Domandarsi se Gaza sia diventata un campo di concentramento sa di persino di retorica, se non fosse con estrema certezza una vergogna per l'umanità, un discredito per l'autorevolezza delle Nazioni Unite, per la cultura umanistica dell'Europa e per tutti coloro che si sono impossessati a proprio uso e consumo del marchio della democrazia, democrazia svilita alla stregua di uno spot pubblicitario o commerciale, ma deprivata dei suoi valori in cui vogliamo credere per non vedere crollare anche la speranza.

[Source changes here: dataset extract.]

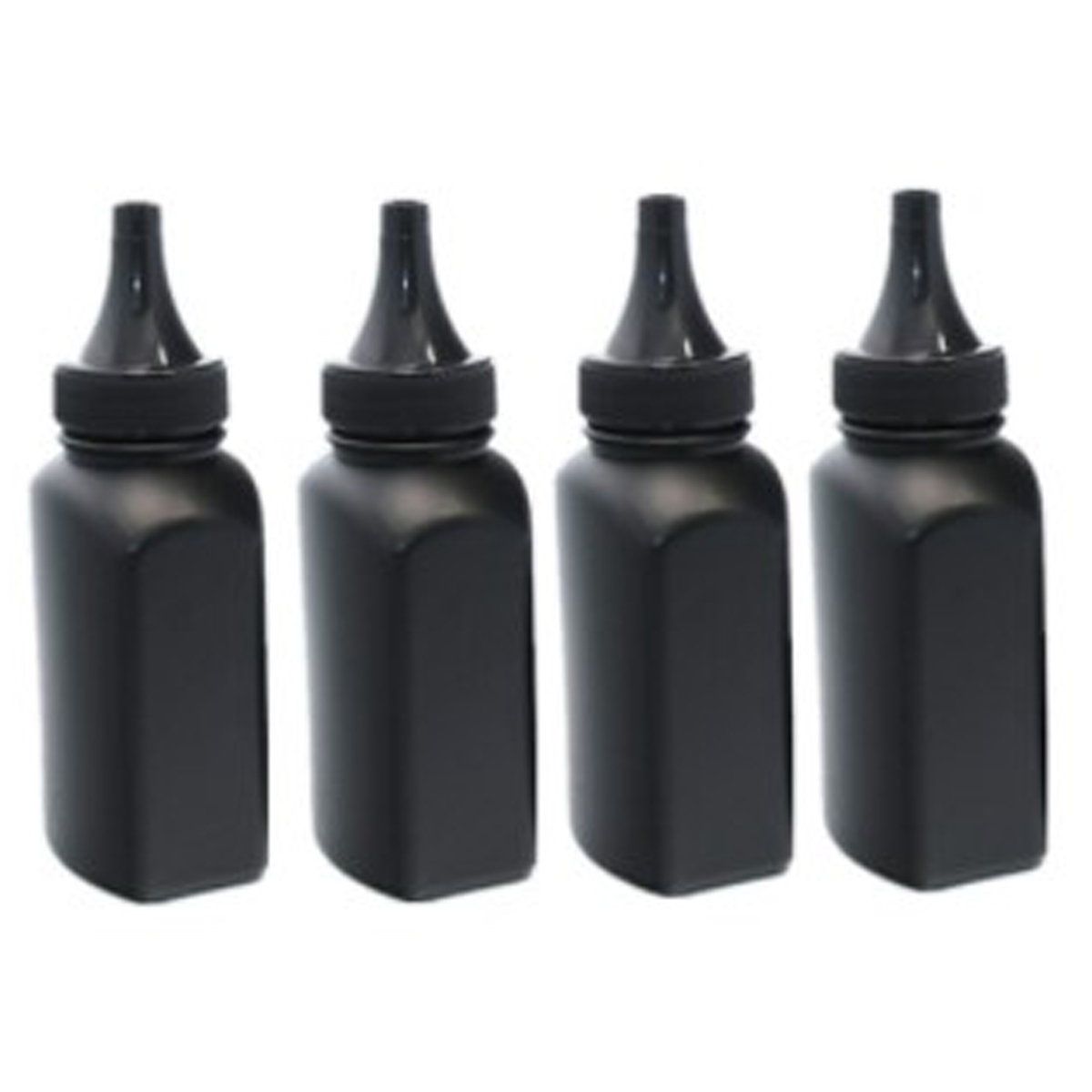 렉스마크60F5X0E 501U 502U 503U 504 - Laser Toner Powder 리뷰 및 가격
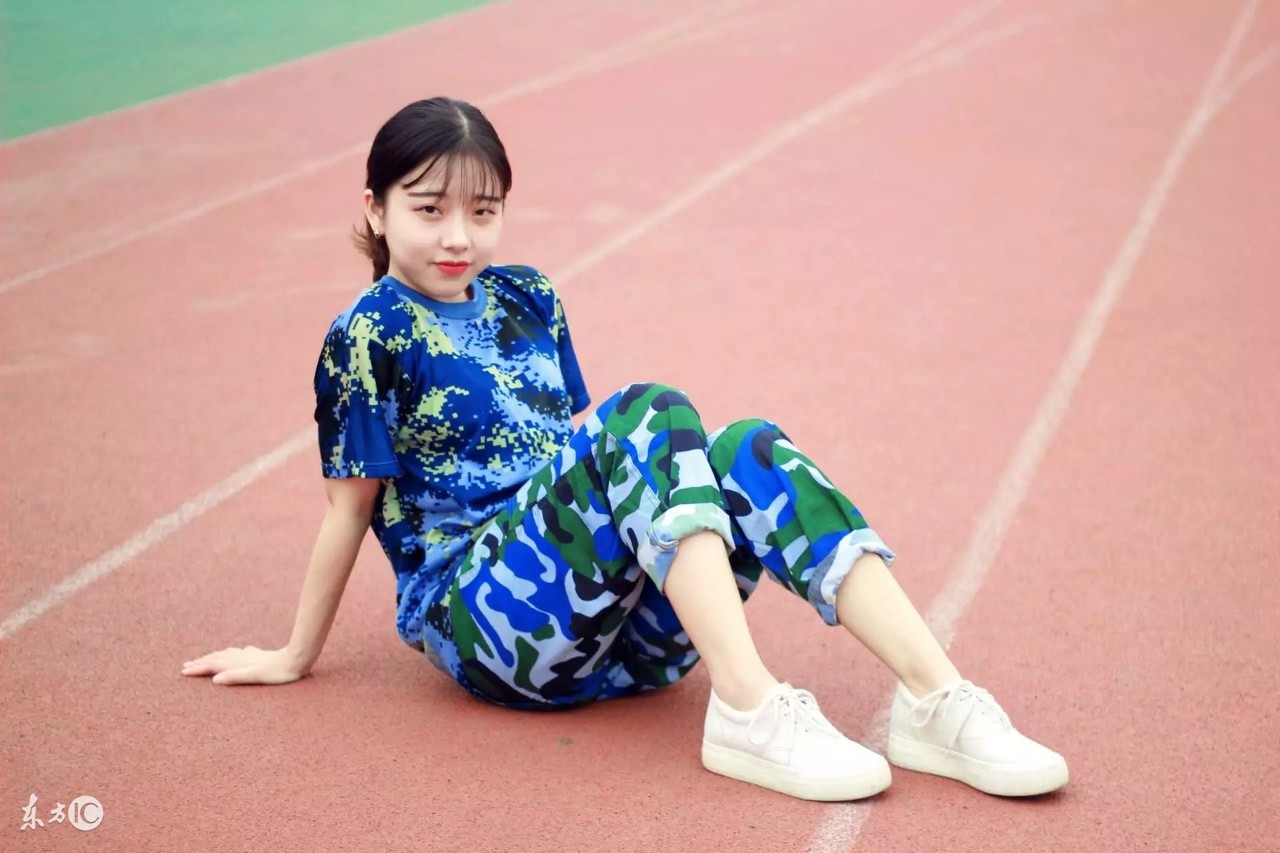 怎么分辨女生有没有处对象,怎样判断妹子和你处对象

Stanotte, le forze armate israeliane hanno bombardata il campo profughi di Jabalya, nel nord della Striscia di Gaza. Non un campo profughi qualunque. In questa guerra asimmetrica, di simmetrico vi è il ricorso alla simbologia da una parte e dall'altra. E Jabalya è il luogo simbolo della prima Intifada, della prima rivolta, che scoppiò nel 1987, per poi dilagare a Gaza, infiammare la Cisgiordania e Gerusalemme Est. Il ministero della Sanità di Gaza, citato da Al Jazeera, ha dato la cifra di almeno 100 morti, mentre Hamas è arrivata a quadruplicarla. E dalle agenzie, è emerso, secondo più testimoni, che l’aviazione israeliana ha fatto ricorso ad una “cintura di fuoco”, ovvero un bombardamento serrato lungo un’intera catena di edifici, “facendone crollare almeno una ventina”. Una strage che si estesa ad altri due campi profughi, con un bilancio di circa 50 morti.

Quanto sangue occorrerà ancora versare per convincere che la collera è un virus dilagante che non ha antidoti se non la saggezza dell'uomo?